Versetzen Sie sich einmal zurück zum Beginn des Jahres. Hätten Sie damals Aktien gekauft, wenn Sie gewusst hätten, was 2019 alles passieren würde? Ich sicher nicht. Dabei hat sich der deutsche Aktienindex so gut wie schon lange nicht mehr entwickelt. Er stieg im bisherigen Jahresverlauf um 15 %. Das war mehr als im Goldilocks-Jahr 2017. Selbst wenn er im Rest des Jahres nicht mehr weiter nach oben geht, wird es das beste Aktienjahr seit 2013. Der amerikanische S&P war nicht besser, der japanische Nikkei war wesentlich schlechter.
Und das alles in einem Umfeld, das kaum hätte schlechter sein können. Die Konjunktur hat sich abgeschwächt. Eine Rezession ist nicht mehr auszuschließen. Die Zahl der Krisenherde in der Welt war noch selten so groß. Der globale wirtschaftspolitische Unsicherheitsindex, der seit über 20 Jahren erhoben wird, hat einen absoluten Höchststand erreicht.
Aufwärtstrend ungebrochen
DAX seit Anfang 2009
Quelle: Bundesbank
Wie passt das mit steigenden Aktienkursen zusammen? Hier sechs Gründe, die das erklären. Sie deuten allerdings auch darauf hin, dass nicht alles so bleiben wird wie bisher.
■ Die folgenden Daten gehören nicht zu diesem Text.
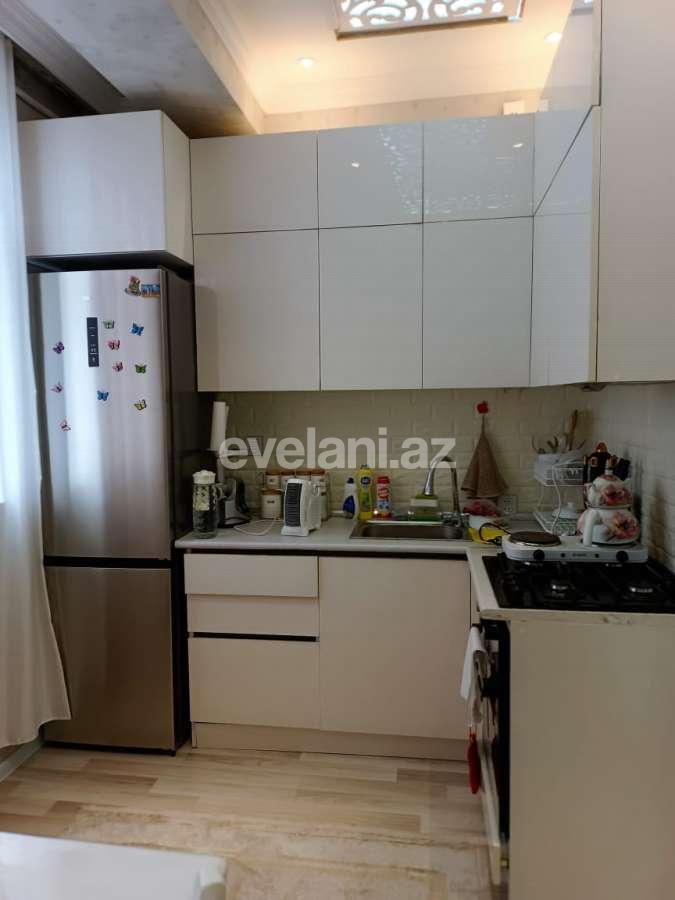 Satılır, yeni tikili, 2 otaqlı, 58 m², Bakı, Xətai r, Əhmədli q, Əhmədli m.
Der erste Grund war die monetäre Erleichterung, die es in diesem Jahr gab. Die Phase der "Normalisierung der Geldpolitik" war vorbei. Die Zentralbanken begannen wieder zu lockern. Die amerikanische Fed hat ihre Leitzinsen bereits einmal gesenkt. Weitere Schritte stehen bevor. Die Europäische Zentralbank hat ein umfangreiches Expansionspaket angekündigt. In dieser Woche wird sie vermutlich den Einlagenzins herunternehmen. Das macht Aktien natürlich attraktiver.
»Es sieht so aus, als bewahrheite sich der alte Spruch, dass politische Börsen kurze Beine haben.«
Der zweite Grund war die Hoffnung, dass der Tiefpunkt der konjunkturellen Entwicklung im Laufe des Jahres erreicht werden würde. Die Endphase eines Zyklus ist für die Aktienmärkte erfahrungsgemäß stets die Beste. Es kann nicht mehr schlechter werden, sondern nur noch besser. Die Gewinne der Unternehmen sind zwar im Keller; sie werden aber wieder steigen. Hier sind im Laufe des Jahres freilich nicht alle Blütenträume in Erfüllung gegangen. Der Tiefpunkt der Konjunktur wurde noch nicht erreicht. Das erklärt die zeitweise größeren Schwankungen der Kurse im Sommer.
Der dritte Grund für den Anstieg des DAX ist der außerordentliche Rückgang der Renditen am Bondmarkt. Sie sind so stark gesunken, dass ein Ungleichgewicht zu den Aktien entstanden ist. Jetzt müsste auch der Letzte erkannt haben, dass Dividendenpapiere trotz des erreichten hohen Kurs-/Gewinnverhältnisses immer noch attraktiv bewertet sind.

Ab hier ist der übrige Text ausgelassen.